This sermon series is broken up over February 21st, March 6th & 20th.

We’re Teaching This: On a scale of one to ten, how do you measure up? Are you tall enough? Pretty enough? Smart enough? Funny enough? And on that scale, which number represents enough? Do you have to score a ten or will a solid seven do? How about a five? It’s better than average, right? Most of us measure how we’re doing by how everyone else is doing. Not a day goes by that we’re not tempted to glance to our left and to our right to see how we measure up to the people around us. This is especially true at school. We see everyone else’s grades, clothes, athletic ability, talent, and popularity. And it’s easy to feel like we don’t measure up.

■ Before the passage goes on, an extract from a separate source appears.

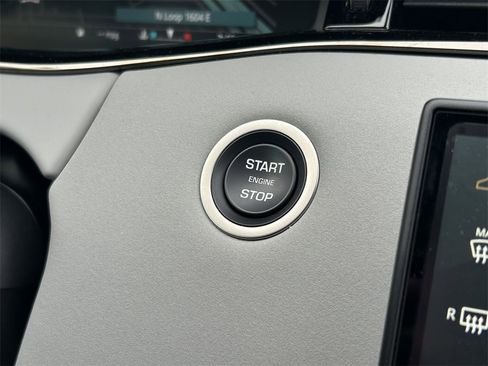 Used 2024 Land Rover Range Rover Evoque Dynamic SE image 30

So we adjust course, try harder, spend more, and then compare again. It’s exhausting. In this 3-part series, Andy Stanley explores the difficult—but not impossible—challenge of escaping The Comparison Trap.

Think About This: Parenting is hard. We probably knew going in that it wouldn’t always be a walk in the park. But, as a parent, have you noticed there are some curve balls that you just don’t know how to handle?

Chances are, you knew your kids were going to be different from one another. But it’s also likely you had no idea just how different they could be until you started raising them—until they hit a certain age and suddenly what you assumed would be true of one of your kids because it was true of an older one—just isn’t. Sometimes it feels like you have to learn how to parent all over again with each child. And sometimes not just with each child, but through each life-stage your children experience.

We may not do it on purpose, but there is a tendency to compare that comes so naturally and so easily. We bring attention to the ways our students are different from their siblings, their friends, our friends, and even earlier versions of themselves. It’s so tempting to say, “But why can’t you just be like______?” The problem is, comparison rarely works. It doesn’t make students want to try harder and it can often lead to resentment toward the parents and the sibling with whom they’re compared. Even within the family, there is no win in comparison.

Sameness isn’t even really a goal worth shooting for. Maybe there are traits in one of your children that you’d like the others to take on. That’s great, but you probably don’t want them to be exact replicas. A better goal is to be intentional in learning, studying, and celebrating the personality and wiring of each individual child.

Try This: No one wants to feel like they don’t measure up. Especially not in the place where they want to feel the safest and most secure. Work on making your family and your home the place where who your child is celebrated and not compared.

This week, point out something in your teenager that you appreciate. Find something that you have seen grow and develop in them that is a strength and then tell them how proud of them you are.

Then find something that, at first glance, feels like something you would change—that you would compare to someone else and wish away. And then find a way to leverage it. To see the good in it. For example,

  • “I know I’m often on your case about talking too much in class, but I want you to know that I also love how social you are. You are great at managing a lot of friendships.”
  • “I know that I get upset when you fight with your younger brother, but I also recognize that you’re just trying to get him to act in a way that is more socially acceptable. Thanks for wanting to help him.”
  • “Yesterday we had an argument about playing guitar instead of cleaning your room. While I still want you to have a clean room, I’m also really proud of you for working so hard to learn to play the guitar well.”

Finding a way to celebrate something you had vocally been frustrated over in the past will mean more than you can imagine to your student. Don’t underestimate the value of your affirmation.